Re: Enid Blyton For the Chop.
Originally Posted by
bakerman
->
American style English is has not debased anything. It is simply more precise. If you call a flashlight a torch, then what in the world do you call fire on the end of a stick. ? The rest of the world uses the word 'torch' to refer to fire on the end of a stick OR a bundle of dry reeds bound tightly together and set aflame at one end. ie something first used by our ancient ancestors.
Hi Bakerman.
Please don't take offence at anything us Brits say in relation to language.

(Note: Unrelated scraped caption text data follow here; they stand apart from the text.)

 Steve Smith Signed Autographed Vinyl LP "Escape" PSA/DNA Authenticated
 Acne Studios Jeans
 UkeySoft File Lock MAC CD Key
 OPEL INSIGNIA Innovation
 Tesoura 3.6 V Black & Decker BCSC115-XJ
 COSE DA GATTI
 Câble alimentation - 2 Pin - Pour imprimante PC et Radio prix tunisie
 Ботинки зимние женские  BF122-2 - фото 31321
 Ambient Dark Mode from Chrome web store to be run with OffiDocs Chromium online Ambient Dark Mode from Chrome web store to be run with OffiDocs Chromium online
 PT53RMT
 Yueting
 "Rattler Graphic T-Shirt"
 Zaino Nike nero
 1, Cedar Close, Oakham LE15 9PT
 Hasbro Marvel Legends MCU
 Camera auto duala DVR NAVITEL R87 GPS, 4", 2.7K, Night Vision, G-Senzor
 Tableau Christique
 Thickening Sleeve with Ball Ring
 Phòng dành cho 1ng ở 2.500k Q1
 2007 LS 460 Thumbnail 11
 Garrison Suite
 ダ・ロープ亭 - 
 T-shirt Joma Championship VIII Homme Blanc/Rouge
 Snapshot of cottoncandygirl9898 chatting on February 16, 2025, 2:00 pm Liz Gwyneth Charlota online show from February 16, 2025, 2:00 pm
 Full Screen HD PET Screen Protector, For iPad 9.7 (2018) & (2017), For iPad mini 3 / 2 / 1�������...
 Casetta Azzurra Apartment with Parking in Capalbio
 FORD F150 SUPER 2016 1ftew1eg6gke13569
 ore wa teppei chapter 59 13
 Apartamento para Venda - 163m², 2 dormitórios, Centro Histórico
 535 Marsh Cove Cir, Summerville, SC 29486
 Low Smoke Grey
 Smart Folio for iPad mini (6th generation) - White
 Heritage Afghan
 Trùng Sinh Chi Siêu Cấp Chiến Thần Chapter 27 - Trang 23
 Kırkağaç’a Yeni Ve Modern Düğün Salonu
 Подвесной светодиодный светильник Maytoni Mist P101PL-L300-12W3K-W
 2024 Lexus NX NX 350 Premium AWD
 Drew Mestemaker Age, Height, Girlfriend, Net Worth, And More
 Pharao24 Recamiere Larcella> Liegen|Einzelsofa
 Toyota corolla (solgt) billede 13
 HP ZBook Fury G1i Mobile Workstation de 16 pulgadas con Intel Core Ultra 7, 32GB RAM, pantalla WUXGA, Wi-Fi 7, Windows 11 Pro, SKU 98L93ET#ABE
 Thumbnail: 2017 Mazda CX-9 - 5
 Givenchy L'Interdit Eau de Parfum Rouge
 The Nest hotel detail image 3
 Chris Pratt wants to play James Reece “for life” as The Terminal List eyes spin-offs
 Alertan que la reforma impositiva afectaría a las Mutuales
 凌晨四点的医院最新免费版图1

All of us on here (from all countries) tend to look with disdain at the deviation from our rose tinted spectacled early experiences that the younger generation wish to follow.
This is true when looking at the evolution of language.
When one considers the history of the US and the significant number of immigrants that contributed towards its growth and development over the last couple of hundred years, it comes as no surprise that variations of the English language have come unto pass (especially in the "precise" element you refer to, which is no doubt partly due to immigrants following the rote school lesson "rules" when they learnt their new language); in precisely the same way that it has happened within England itself. Indeed, even localised dialect has played a part to create "odd" words and turns of phrase.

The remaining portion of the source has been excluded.